© 2020 par C. Dufour 

Biographie

Le temps passa et je me suis impliqué dans le sport de combat car mon père m'y obligea. Plus je grandissais et plus je sentais la vie difficile en Géorgie.
Je n’avais pas pu poursuivre mes études comme je le souhaitais et je ne voyais plus d’avenir dans mon pays.

À mes 22 ans j'ai pris la décision de partir pour l'Italie en pensant retrouver ma mère qui y était déjà installée. C’est finalement en faisant escale à Paris que j'ai eu une sensation étrange. J'ai eu envie d'y rester et de tenter ma chance en France. 
En 1 an je me suis installé à Tours, j'ai appris le français et j'ai pu commencer un travail dans le bâtiment. 
 

J'ai ensuite déménagé à Paris et six années plus où moins difficiles sont passées... 

C'est en 2015, à force de contempler les galeries d'art et d'échanger avec des galeristes que je me suis remis à la sculpture.

Je me rappelle être sorti du BHV avec 5 kilos d'argile et un petit kit d'outillage pour sculpteur.

J'ai immédiatement eu à l'esprit de sculpter un lion. Je me suis mis à regarder des photos de lion en 360°. Très vite je me suis rendu compte que j'avais un regard très précis sur les détails: les formes, les muscles, l'anatomie... Je savais aussi que je n'arriverai pas à reproduire ce que je voyais car je n'avais aucune maîtrise de la technique.

J'ai sculpté des heures, des journées, voir des semaines sur mes premières sculptures. Avec beaucoup de travail et de réflexion j'ai réussi à obtenir le résultat que je voulais. 

Je m'étonnais moi-même de voir ce que je pouvais faire avec mes mains, je sentais que je n'étais pas tout seul, qu'une force me propulsait. 

Avec le temps, grâce à la pratique j'ai toujours eu l'envie d'aller plus loin, de faire plus beau avec toujours plus de précision. Je ne pouvais plus me passer de la sculpture. 

J'ai commencé à vendre mes premières sculptures en argile. Quelques mois plus tard je me suis rendu compte que j'avais perdu la trace de mes premières œuvres. C'est alors que je me suis mis à faire des recherches sur les techniques de moulage.
J'ai donc appris le moulage grâce à l'observation, la réflexion,  la persévérance et en ayant beaucoup de rigueur dans mon travail. L'apprentissage des techniques de moulage m'a permis de reproduire et de conserver les pièces originales de mes sculptures. 
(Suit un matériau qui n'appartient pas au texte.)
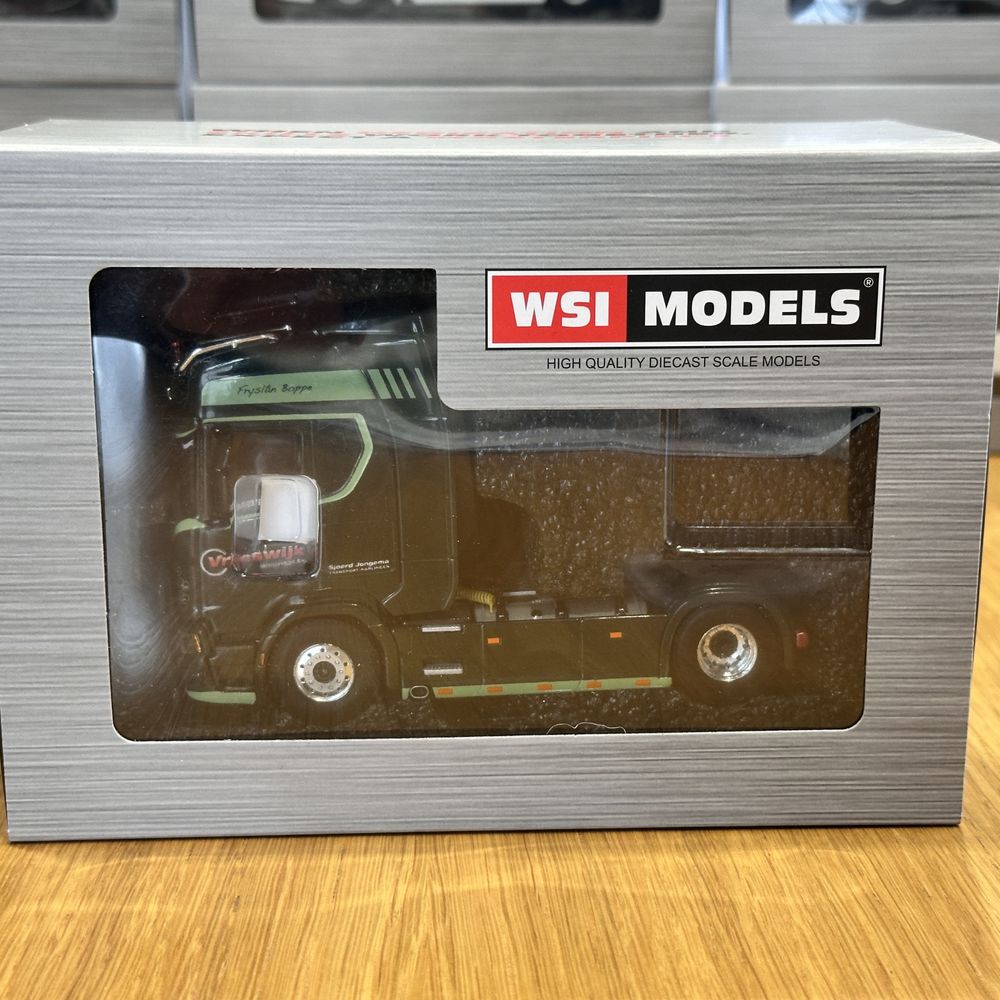 Model 1:50 WSI Scania R Highline 4x2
Je sculptais dès que je le pouvais après ma journée de travail. Je n’avais malheureusement pas de place dans mon appartement et je m’étais installé sur le palier.

Aperçu de mes premières œuvres

Quelques mois plus tard, j’ai arrêté mon travail alimentaire, et je me suis installé dans un studio mais j’ai rapidement été confronté au même problème: un manque considérable de place. Après un an de pratique difficile, ma compagne et moi, avons décidé de déménager pour que je puisse avoir mon propre espace. J’en rêvais ! Mon propre atelier. Cet espace indispensable pour n’importe quel artiste. Pour pouvoir imaginer, créer, dessiner, expérimenter,  modeler, sculpter, mouler, tout détruire et tout reconstruire. J’avais enfin une chambre faisant office d’atelier où de nombreuses idées ont pu émerger et où de toutes nouvelles sculptures ont pu voir le jour.

Particulièrement sensible à la beauté de notre planète j’ai réalisé une collection sur l’art animalier. J’ai également commencé une collection sur les grands guerriers de l’Histoire. Je souhaite également représenter quelques peuples ethniques menacés aujourd’hui d’extinction par la mondialisation.

 C’est au travers de mon art que je souhaite pouvoir véhiculer de nombreux messages.